As FTD’s Manager, Cloud Platforms you will champion a technological and cultural transformation toward DevOps and SRE practices, enabling efficient delivery and operation of high quality, reliable, secure software at scale. As a hands-on leader you will architect, engineer, optimize, and operate our Google Cloud platform environment, including Google Kubernetes Engine; re-envision and innovate Continuous Integration & Continuous Delivery and Infrastructure as Code solutions; and incubate and proliferate Site Reliability Engineering principles and practices to ensure the stability and reliability of our commerce platforms.
KEY RESPONSIBILITIES
Provide thought leadership and strategic guidance to FTD’s technology division in cloud architectures, as well as DevOps and SRE principles and practices
Lead and develop a team of engineers engaged in Google Cloud architecture and engineering, CI/CD, Site Reliability Engineering, Kubernetes administration, and related operational support
Drive adoption of SRE principles including SLOs and SLIs, error budgets, metrics-driven observability and decision-making, automating repetitive tasks, chaos engineering, and incident and problem management processes
Collaborate with technology teams to streamline, document and support CI/CD automation leveraging Jenkins, Bitbucket, and other tools, with an eye toward modernization and innovation
Provision and manage cloud resources and configuration using Terraform, Google Cloud SDK, kubectl, Google Cloud Console and other tools, and drive adoption of consistent provisioning practices
Promote development and security best practices and implement supporting automation, with a “shift left” mentality
Implement and maintain effective infrastructure and application observability solutions to improve visibility and streamline incident detection, response, and prevention
Troubleshoot and resolve an array of issues in CI/CD, Google Cloud Platform (GCP), Google Kubernetes Engine (GKE) and other technologies
Provide leadership in incident response and problem management activities to rapidly restore service and subsequently prevent recurrence
Perform continuous cloud cost analysis, attribution, and optimization
Maintain compliance with relevant security frameworks (e.g. SOC 2, CIS), standards (e.g. PCI-DSS) and regulations (e.g. CCPA), including participation in audits and assessments
Promote and practice agile workflows and processes within your team (Kanban preferred)

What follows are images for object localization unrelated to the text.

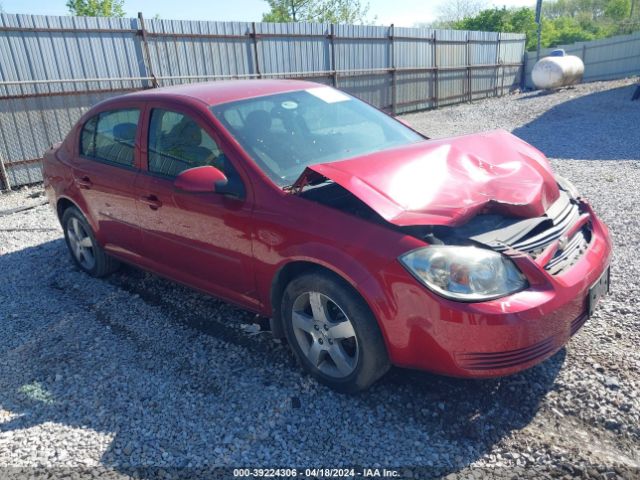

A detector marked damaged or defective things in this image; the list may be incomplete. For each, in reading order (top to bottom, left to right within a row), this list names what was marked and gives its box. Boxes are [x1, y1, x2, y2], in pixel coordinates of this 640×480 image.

damaged front hood [294, 127, 560, 225]
cracked headlight [402, 248, 528, 300]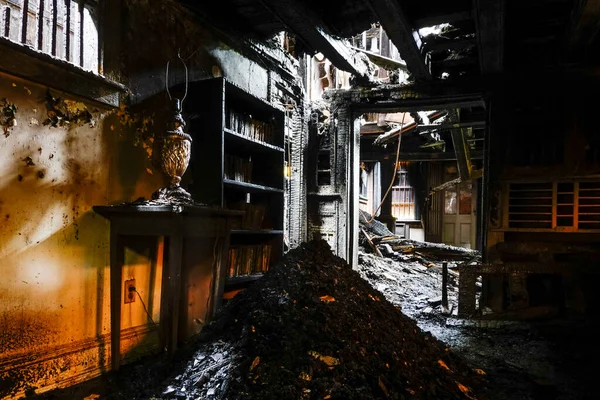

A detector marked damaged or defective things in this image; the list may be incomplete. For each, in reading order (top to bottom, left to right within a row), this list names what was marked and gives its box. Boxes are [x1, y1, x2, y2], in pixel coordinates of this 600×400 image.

charred wooden beam [258, 0, 372, 81]
charred wooden beam [360, 0, 432, 81]
charred wood plank [360, 0, 432, 81]
charred wooden beam [414, 10, 472, 29]
charred wooden beam [474, 0, 506, 73]
burnt bookshelf [184, 78, 284, 296]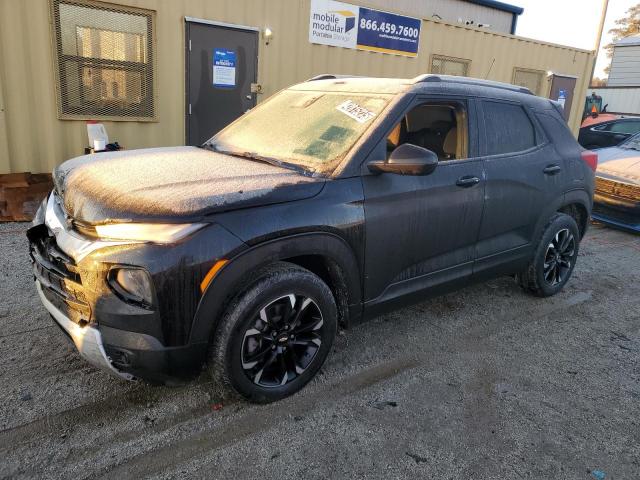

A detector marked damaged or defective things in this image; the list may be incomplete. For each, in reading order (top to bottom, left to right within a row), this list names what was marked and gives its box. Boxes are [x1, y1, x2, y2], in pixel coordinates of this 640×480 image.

damaged front bumper [36, 280, 135, 380]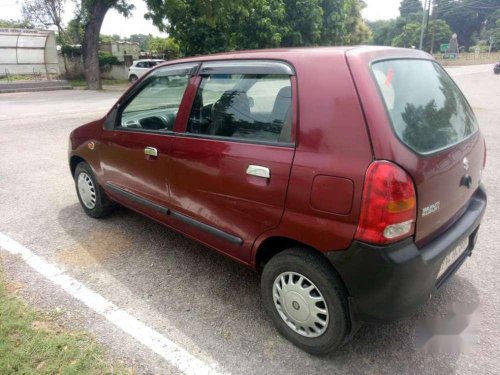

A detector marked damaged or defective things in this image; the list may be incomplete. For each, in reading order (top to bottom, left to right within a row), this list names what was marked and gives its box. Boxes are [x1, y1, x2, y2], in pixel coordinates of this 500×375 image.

dent on car door [97, 63, 199, 213]
dent on car door [166, 60, 296, 262]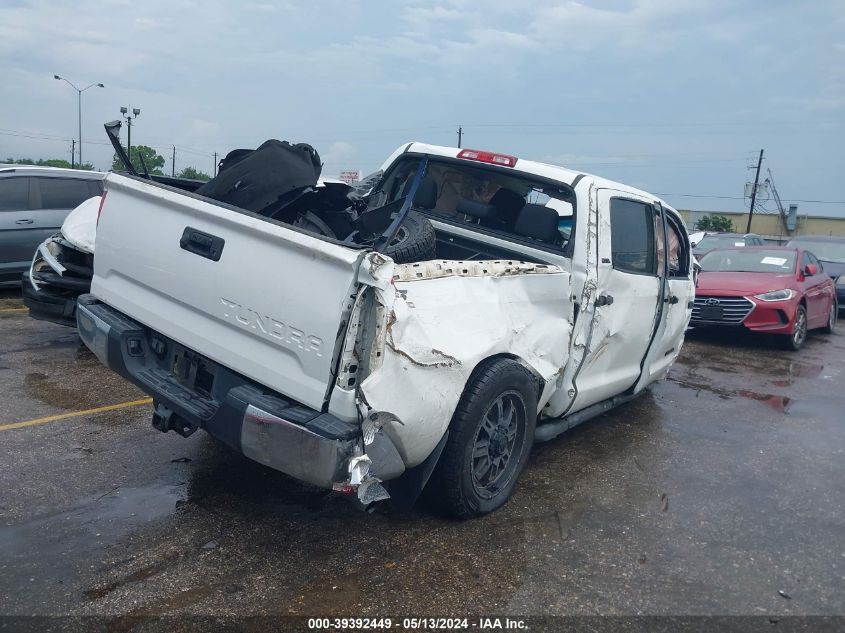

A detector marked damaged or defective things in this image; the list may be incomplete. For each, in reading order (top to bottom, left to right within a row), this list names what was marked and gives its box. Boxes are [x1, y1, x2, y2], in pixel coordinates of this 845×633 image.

Create and maintain technical, procedural, and educational documentation and diagrams related to FTD’s network ecosystem
Embrace a culture of collaboration, enablement, customer service, continuous improvement, transparency, and financial responsibility
Perform other duties as directed
KNOWLEDGE, SKILLS AND ABILITIES
Bachelor's or advanced degree in Computer Science, Information Systems, or a related field, or equivalent experience
5+ years architecting, delivering, and operating scalable, reliable, high-performance, and secure infrastructure and applications in on-prem and cloud environments (Google Cloud Platform or similar)

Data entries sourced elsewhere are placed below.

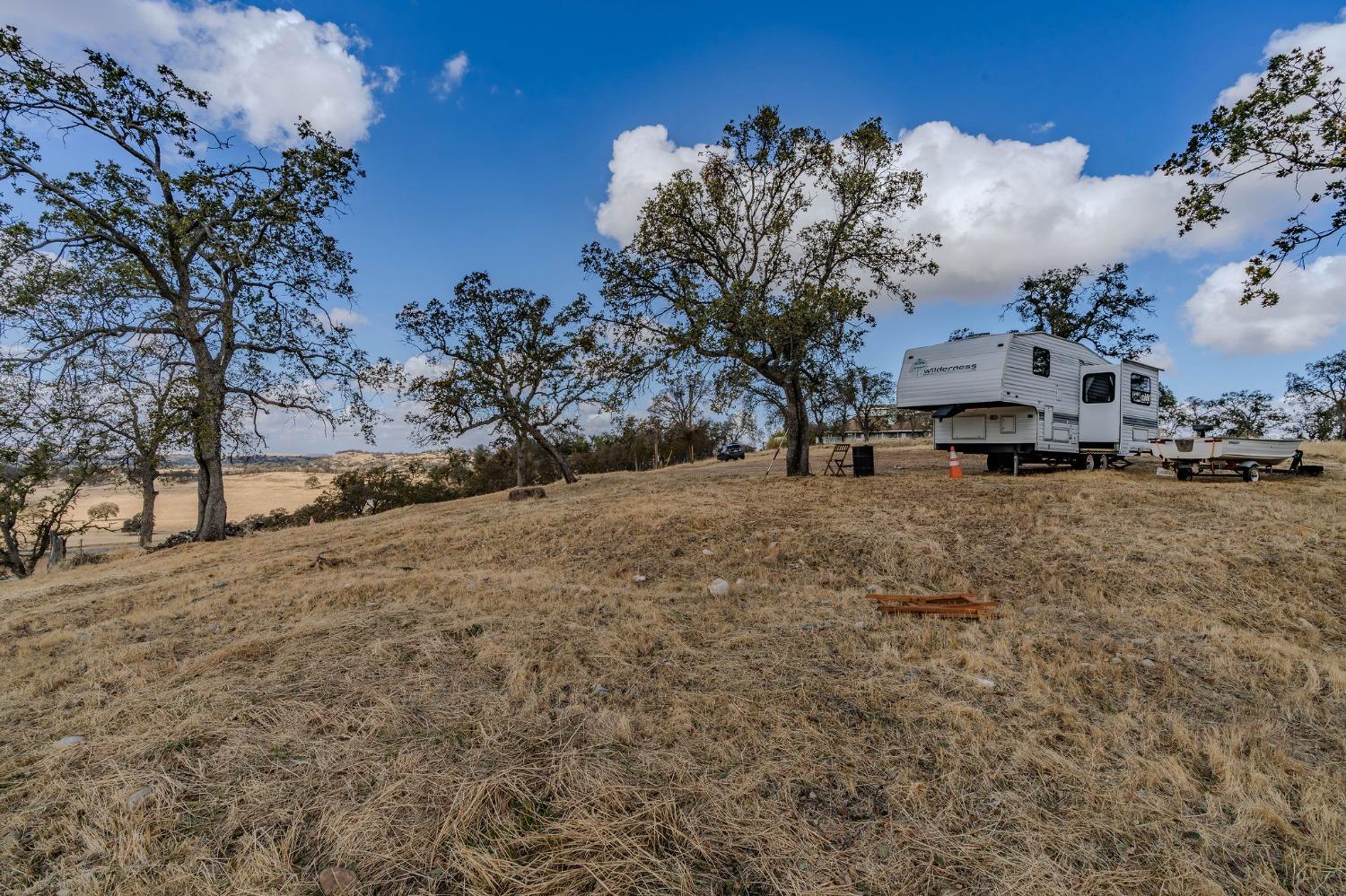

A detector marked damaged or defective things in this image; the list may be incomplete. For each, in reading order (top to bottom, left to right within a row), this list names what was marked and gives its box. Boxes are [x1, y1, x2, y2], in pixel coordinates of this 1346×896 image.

rusty metal debris [869, 592, 998, 621]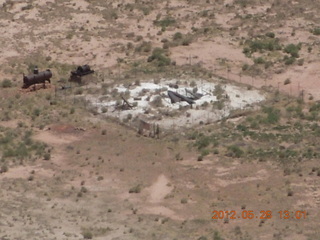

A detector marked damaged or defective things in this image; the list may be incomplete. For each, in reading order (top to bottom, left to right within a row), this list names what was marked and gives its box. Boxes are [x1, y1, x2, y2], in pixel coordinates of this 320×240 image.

rusty equipment [22, 66, 52, 89]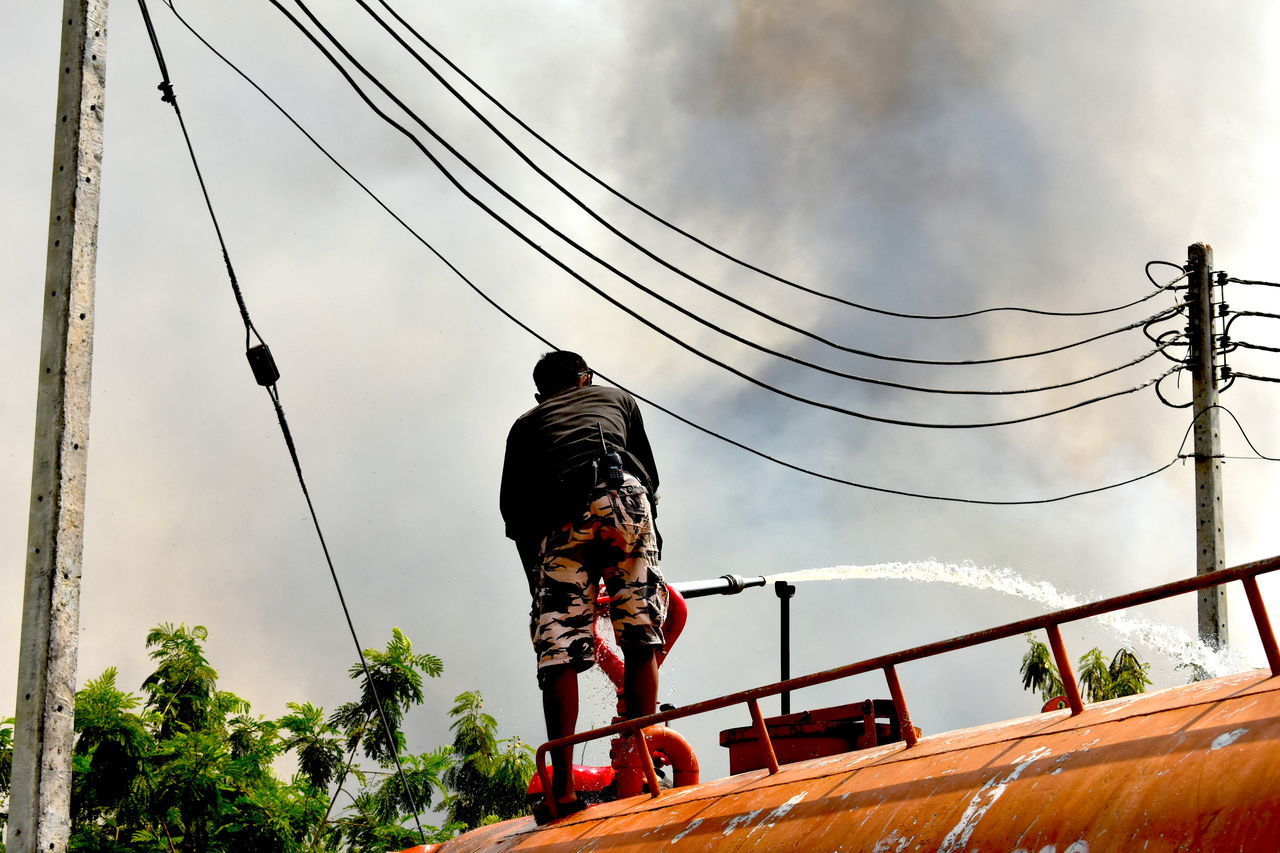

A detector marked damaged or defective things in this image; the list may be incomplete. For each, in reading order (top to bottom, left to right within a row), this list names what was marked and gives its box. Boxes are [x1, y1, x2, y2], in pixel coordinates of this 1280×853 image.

rusty metal surface [427, 671, 1280, 850]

2+ years managing a high-performing team(s) in close collaboration with resources in various technical disciplines
2+ years in software engineering with languages such as Java, C#, Python, JavaScript, and related frameworks, ideally in a fast-paced 24x7 e-commerce environment
Google Professional Cloud Architect or similar certification desired
Broad experience in infrastructure technologies including networking, systems engineering, databases, information security, virtualization, backup and restore, observability, etc.
Advanced experience with CI/CD methodologies and technologies, including Jenkins implementations leveraging various plug-ins and Groovy-based customizations
Proficiency with microservices principles and orchestration, including containerization (e.g. Docker) and Kubernetes (e.g. Google Kubernetes Engine)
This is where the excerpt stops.